スウエーデンのかわいらしい練習機、サフィールの前脚です。

この飛行機、恐ろしいことに三つの脚の引き込みを一本のレバーで一度に行ないます。人力で。

Bf108などがラチェットによるポンプ運動の繰り返しで少しずつ入れるのに対し、この飛行機では、コックピットの、自動車でいうところのサイドブレーキの位置にある太いレバー(左図ではピンクで表示)を一回押し込むだけで済ませてしまうのです。ちなみにこのサイドバイサイドの操縦席の間にはレバーが2本並んでいて、右が脚、左がフラップで、どちらも掛け値なしの人力駆動です。

図では進行方向は左です。

図中ピンクで示したレバーを前に押し込むと、レバーに直結された変形滑車に結ばれたワイヤーの赤色で表示された側が引っ張られ、二つの滑車を経由して脚柱上部の回転軸の歯車を回転させると、前脚柱が二つ折れになって脚が引き込みます。ワイヤーの歯車にかかる部分だけチェーンとなっているのですが、図では省略しました。

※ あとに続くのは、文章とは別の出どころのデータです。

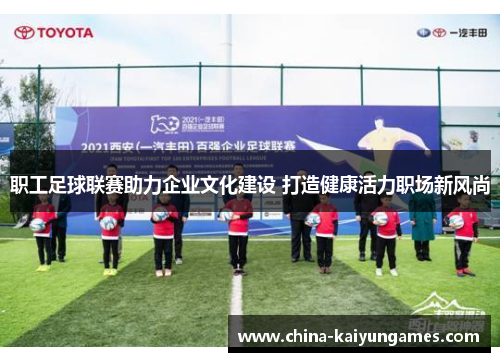 职工足球联赛助力企业文化建设 打造健康活力职场新风尚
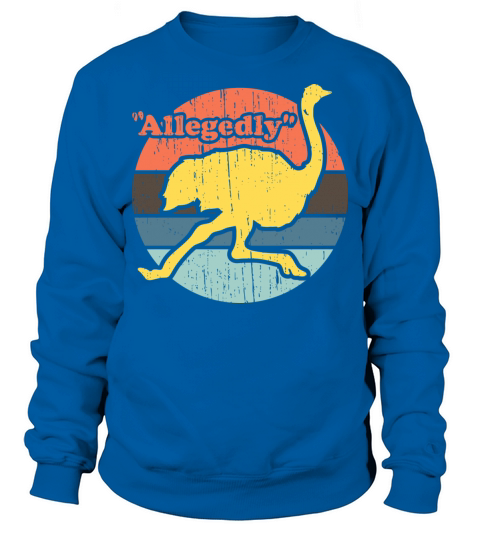 Allegedly Ostrich Vintage Distressed Sweatshirt Unisex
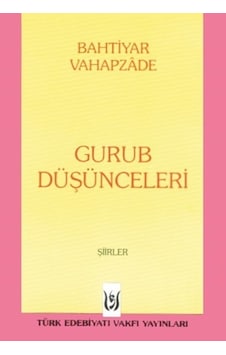 Gurub Düşünceleri - Bahtiyar Vahapzade - Türk Edebiyatı Vakfı Yayınları Gurub Düşünceleri - Bahtiyar Vahapzade - Türk Edebiyatı Vakfı Yayınları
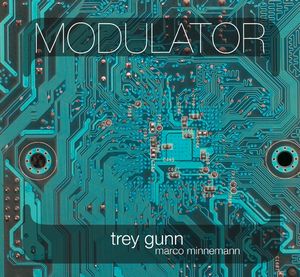 Trey Gunn - Modulator (with Marco Minnemann) CD (album) cover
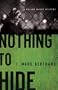 Nothing to Hide (A Roland March Mystery)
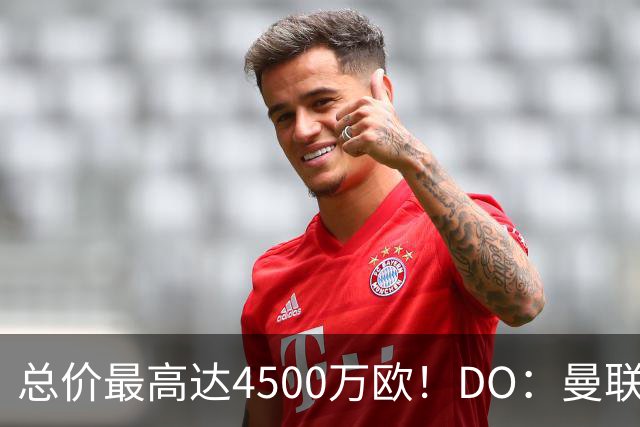 总价最高达4500万欧！DO：曼联就签下埃德松与亚特兰大达成协议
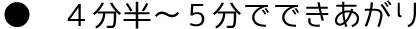 4分半～5分でできあがり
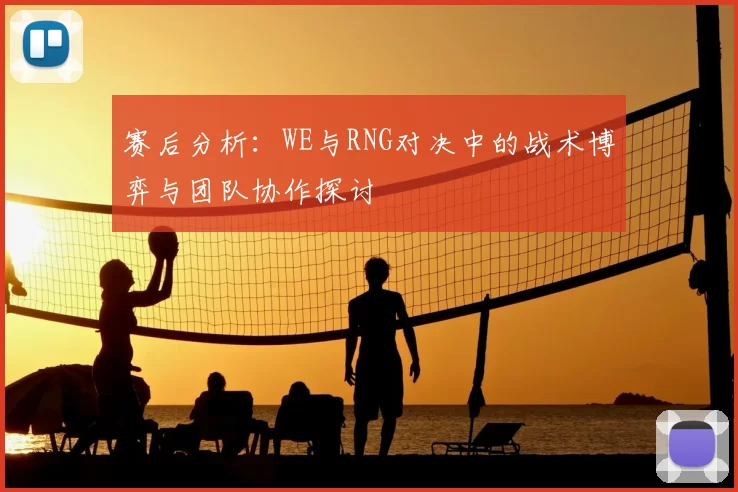 赛后分析：WE与RNG对决中的战术博弈与团队协作探讨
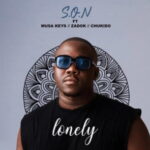 S.O.N – Lonely (Valentine) ft. Musa Keys, Zādok & Chukido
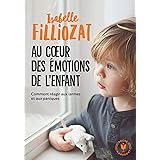 Au coeur des émotions de l'enfant: Comment réagir aux larmes et aux paniques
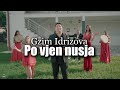 Gzim Idrizova - Po vjen nusja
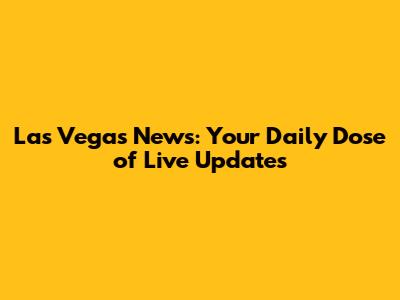 Las Vegas News: Your Daily Dose of Live Updates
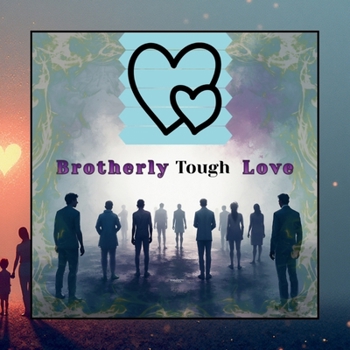 Paperback Brotherly Tough Love Book
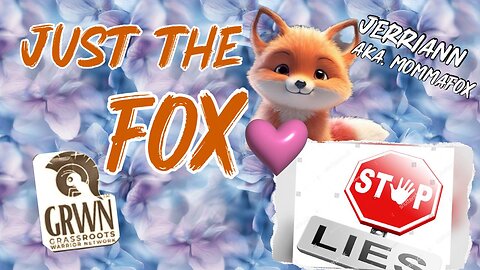 Just the Fox - Stop the Lies!!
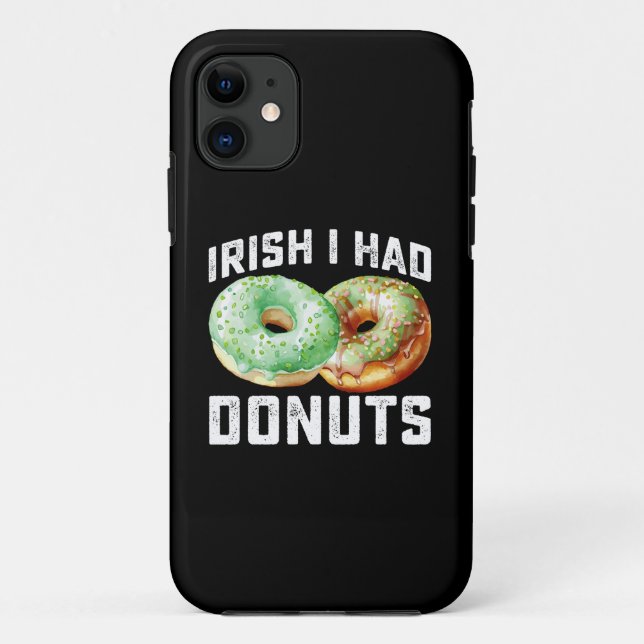 Irish I Had Donuts Lovers Funny St Patrick's Day Case-Mate iPhone Hülle (Rückseite)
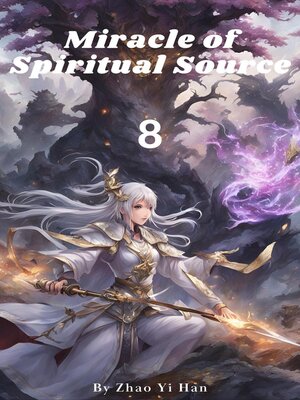 cover image of Miracle of Spiritual Source 8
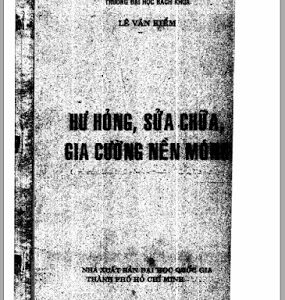 Hư Hỏng, Sửa Chữa, Gia Cường Nền Móng (NXB Đại Học Quốc Gia 2009) - Lê Văn Kiểm, 148 Trang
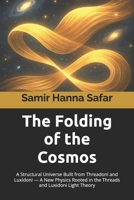 The Folding of the Cosmos: A Structural Universe Built from Threadoni and Luxidoni — A New Physics Rooted in the Threads and Luxidoni Light Theory B0F9T9D842 Book Cover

引き込みを助けるために、上部脚柱回転軸にはカムとバネと三角の斜面を利用した機構が付いていますが、図では省略しています。機体側に付く円弧状のレールは、もしかしたら正円ではなく楕円で、これも引き込み時のバックアップに使われるのかもしれませんがよくわかりませんでした。

脚出しは重力に助けられます。ダウンロックとアップロックはどうもレバーつけねのロック機構で前後脚を共通に行なっているようです。

図でレバーにかかっている渦巻き状のものはレバースライド部の金属板のカバーで、これはぜんまいバネのように渦巻き部に巻き込まれ、レバーを押し込む助けになっているみたいです。プライバティアの側面ターレットの機銃のシールドと同じ仕組みです。エレールのキットは、この前脚の構造をかなり正確にとらえていたのでした。いままでキットを見るたびに謎だったんだけど。